A visualization using an IR camera of heat loss in a hand in a box of ice over time
For this project, I learned a lot about data collection. I wasted a lot of time meticulously collecting data from my personal life which ended up not being super-interesting for a visualization, mostly because I didn’t plan ahead enough regarding my data logging routine. I changed my mind at the last minute and decided to get a series of IR images of myself getting colder over time, because most people who know me well would say that I am unusually cold-natured so that seemed like an interesting trait to explore. I wanted to do full-body images but couldn’t because the resolution of the camera was too low for them to be interesting. I then changed to just my hand, which brought a new set of problems because data collection was kind of painful (and eventually my hand started… vibrating?) and I kept moving. If I had to do this differently, I would have stuck with my original general idea but collected the data better. If I had more time with this data, I would have made the graph interactive so you could select a point on the image of the hand to show the plot for that point.
Here’s a couple of images from some preliminary tests with the IR camera:
I like the appearance of these images better than the ones I ended up using, but I had to stop before getting as pretty/dramatic results as I would have liked as the camera kept crashing and I was somewhat concerned about injuring myself.

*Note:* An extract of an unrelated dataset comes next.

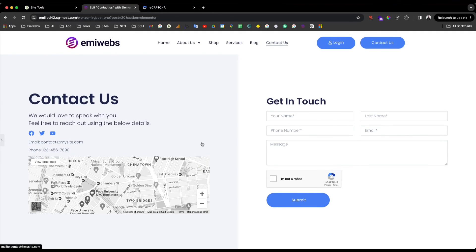That's it — this will protect your site from all the spam and bots that go through and send you a lot of unwanted inquiries filling up the form. Thank you for watching. Please let me know if you have any questions in the comments below, like and subscribe to this channel, and I'll see you in the next video.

From the video, you can tell that I learned A) my hands do get cold very fast (each frame is only about 2 seconds apart) and B) my fingers get cold much before my palm. I guess the only surprising thing was really that my palm stayed literally exactly the same temperature in most places over time. Yay, blood vessels! There weren’t really any significant outliers, but there was a certain amount of noise, so I’m unsure if the oscillation I saw in the temperature at most points was a real phenomenon like my heartbeat, or just noise.